Sedangan sosok Nyi Roro Kidul relatif hadir lebih baru, sebab baru saja menjadi acuan sejak Kerajaan Mataram berdiri, tepatnya semenjak zaman Panembahan Senapati. Sebelum itu, yakni sejak zaman Kerajaan Pajang, Demak, bahkan Majapahit sosok Nyi Roro Kidul tak dikenal. Kisah Nyi Roro Kidul muncul pertema kali dalam kisah Babad Tanah Jawa yang ditulis semenjak kerjaan Mataram berdiri.

Sosok Sunan Kalijaga sangat hebat dikisahkan. Dia bisa menasehati berbagai raja Mataram dalam kurun berbeda. Alhasil, usia dia kalau mengacu pada babad, bisa sampai ratusan tahun. Pendek kata, Sunan Kalijaga bagi wangsa Mataram adalah penasihat yang ‘paripurna’. Dia dikisahkan sebagai seorang ulama berbaju sorjan berwarna ‘wulung’ yang selalu memberi nasihat kepada raja wangsa ini dikala kesulitan.
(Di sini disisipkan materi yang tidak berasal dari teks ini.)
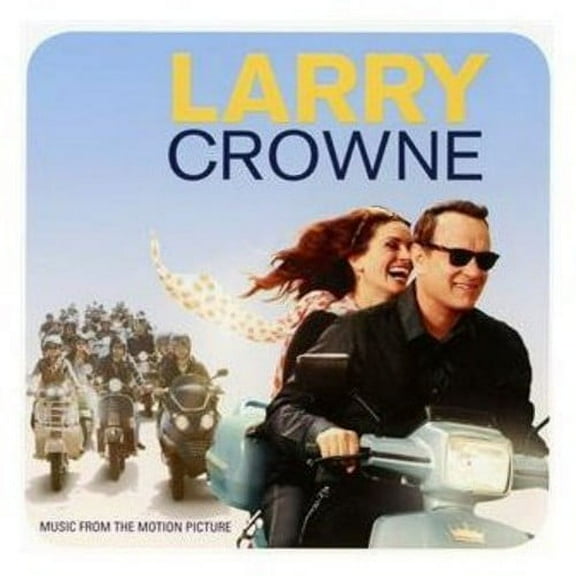 Various Artists - Larry Crowne: Music from Motion Picture / Various - Music & Performance - CD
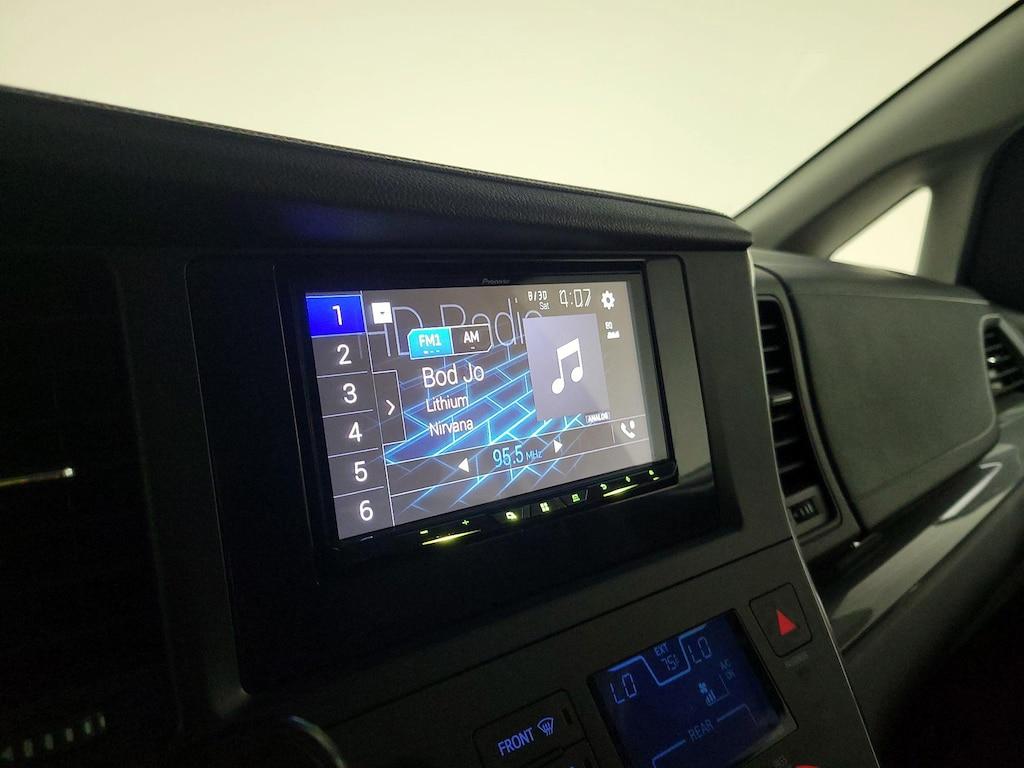 used 2015 Toyota Sienna car, priced at $23,998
Salah satu kisahnya terjadi pada sosok Sri Sultan Hamengku Buwono ketika baru saja naik takhta pada awal tahun 1940-an. Kala itu dia tak punya wakil raja (patih) sehingga oleh Gubernur Jendral Belanda segera diminta untuk mengisi kekosongan jabatan itu. Bagi Belanda jabatan patih itu adalah ‘maha penting’ sebab melalui dialah cegkeraman tangan kekuasaan kolonial dilaksanakan.

Tapi untuk berapa lama Sultan tak bersedia mengisi kekosongan itu. Ini pun dipahami sebab selama ini sebenarnya yang berkuasa sebagai pelaksana dan pengatur kerajaan adalah sang patih. Sultan tahu bahwa selama ini posisi dia sebagai raja —beserta para pendahulunya— adalah sebagai lambang saja.

Maka desakan kepada Sultan untuk menujuk Patih saat itu sangat kuat. Berbagai perundingan digelar. Tapi Sultan HB IX bergeming. Dia terus mengulur penunjukan patih. Kala itu, kata Sultan HB iX dalam wawancara dengan BBC pada tahun 1998, pihak Belanda mulai terlihat kesal.Namun, entah mengapa pada suati hari tiba-tiba saja Sultan mau menandatangi penunjukan posisi patih kerajaan. Pihak Gubernur Jendral Belanda pun terkejut karena mendapati sikap Sultan yang mendadak berbalik total. Ini tentu mengherankan.

Usut punya usut dalam wawancara itu Sultan HB IX mengaku mendapat petunjuk setelah bertemu dengan sosok ghaib bernama Sunan Kalijaga. Pada suatu sore mendadak ada seseorang tua berbaju takwa dengan memakai surjan berwarna daun gadung. Dia memperkenalkan diri sebagai Sunan Kalijaga.

Nah, dalam pertemuan itu Sunan Kalija menyarankan agar segera saja tandatangi penunjukan patih itu.’’Tandatangani saja. Itu tidak lama,’’ kata Sang Sunan melalu ‘wisik’-nya. Sultan HB IX yang saat itu setengah tertidur langsung tergeragap bangun mendengar bisikan yang begitu jelas di telinga.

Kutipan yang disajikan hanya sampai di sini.